A peine avais-je écrit ces mots qu’une réserve, suivi d’un doute, m’a envahi. Il était là. Mais. Le gros ‘Mais’ opportuniste, baveux, déliquescent. Celui qu’on cherche à tout prix à éviter. Il venait de s’engouffrer à travers l’embrasure de la porte. Il était désormais dans ma tête. Oui. Mais

… En matière de jeux vidéo, les choses en sont un peu autrement. S’il est vrai en théorie qu’une œuvre devrait pouvoir dire ou montrer ce qu’elle veut, de la façon qu’elle le souhaite, sans craindre de ne pas paraitre adéquat, le medium dispose de spécificités qui mettent à mal ce principe.

En premier lieu, l’absence de narration, son minimalisme ou sa pauvreté, ont, de tradition, placé le joueur au volant de personnages « coquille », nommés ou non, personnalisables ou non. De fait, le joueur s’incarne, et puisqu’il s’incarne il s’identifie, s’immerge, tissant des relations plus ou moins flatteuses avec les autres personnages. Le degré de narrativité, l’ampleur du scénario, le niveau de détail de l’univers et la qualité des choix du joueur étant autant facteur propice à accentuer son identification. Certaines catégories échapperont de fait à ce principe (stratégie, course) pour des raisons évidentes.

En second lieu, le fait que de nombreux jeux aient cherché excessivement, et cherchent encore, à plaire, à séduire, et à racoler large, heurte de front le principe d’identification – ce qui a la limite serait recevable, si ce travers ne venait pas heurter la cohérence de la proposition et empêcher l’adhésion. Il en effet difficile de rendre de la distance à l’œuvre, ou de la considérer comme pleine et entière quand d’œuvre il n’y a guère, ou quand les développeurs usent explicitement du sexe et de la violence gratuite pour plaire. Ce qui couvre, mine de rien, un large nombre de titres, et est accentuée par l’absence d’humour.

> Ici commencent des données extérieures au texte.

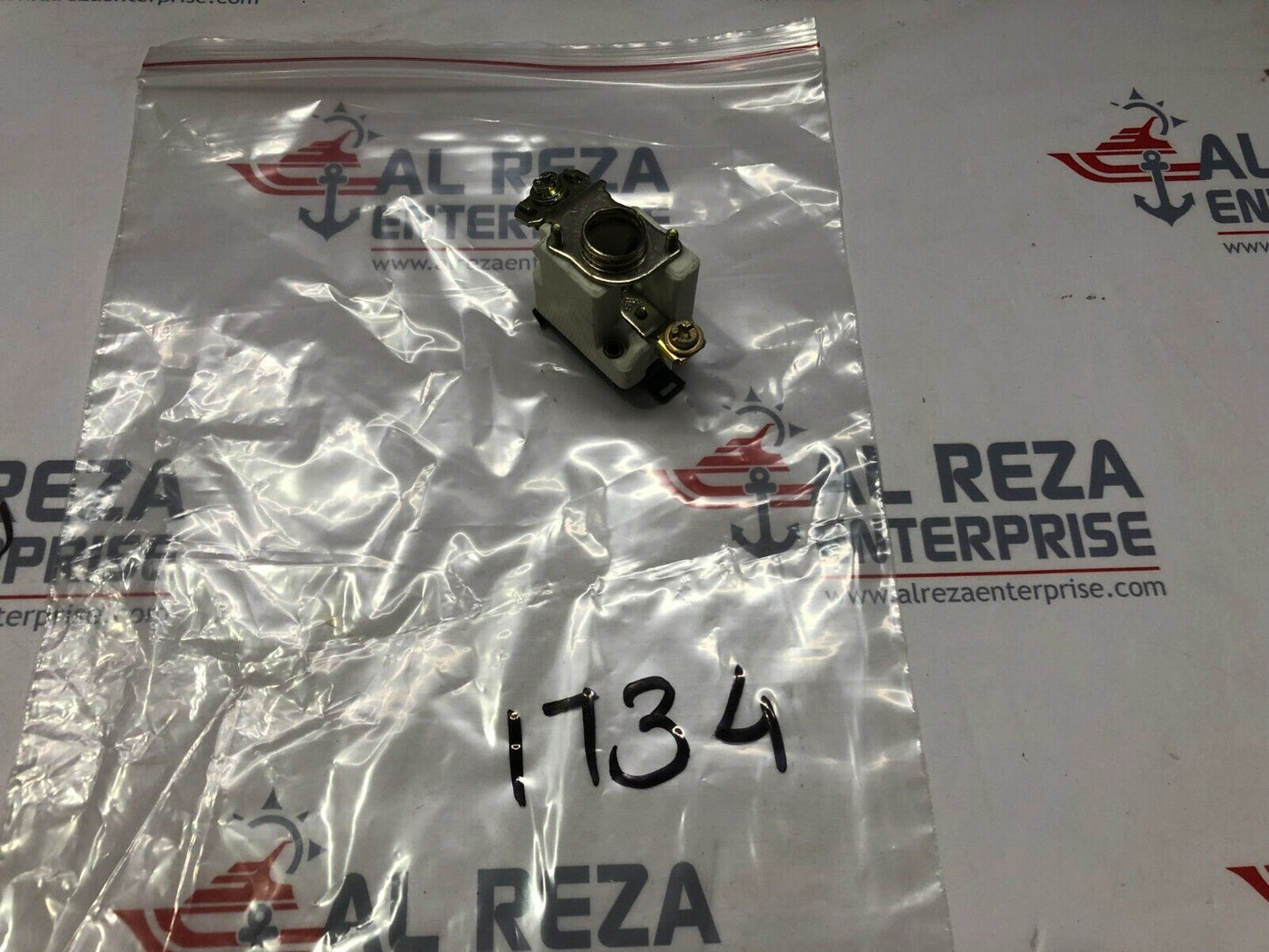 FERRAZ SHAWMUT 26912G FUSE BASE 16AMP LOT OF 6 UNIT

Certains développeurs ont eu à souffrir de leur choix discutables. D’autres n’ont pas attendu les critiques pour intégrer certains enjeux de représentativité, qui ont des raisons d’être. Les jeux multijoueurs, par exemple, ou les jeux de rôle, sauf choix narratif, ont tout intérêt à s’adresser à tous les profils de joueurs. Cela étant dit, les jeux vidéo, dans leur ensemble, ont fait preuve d’une ambition limitée en terme de narration, car raconter par l’histoire est rarement leur finalité. Là ou raconter par les mécaniques et le concept de jeu l’est beaucoup plus souvent.

Pour finir, fuir, cacher, conspuer, ou demander le retrait de ce qui peut être considéré comme gênant me semble hautement discutable. Surtout quand on voit que le niveau d’acceptation pour la violence s’en trouve lui-même renforcé… A côté de ça, les causes qui devraient avoir de bonnes raisons de nous alarmer ne sont parfois même pas discutées. Entre le combat contre les seins qui rebondissent, les couleurs de peau, et les travailleurs qui s’appauvrissent.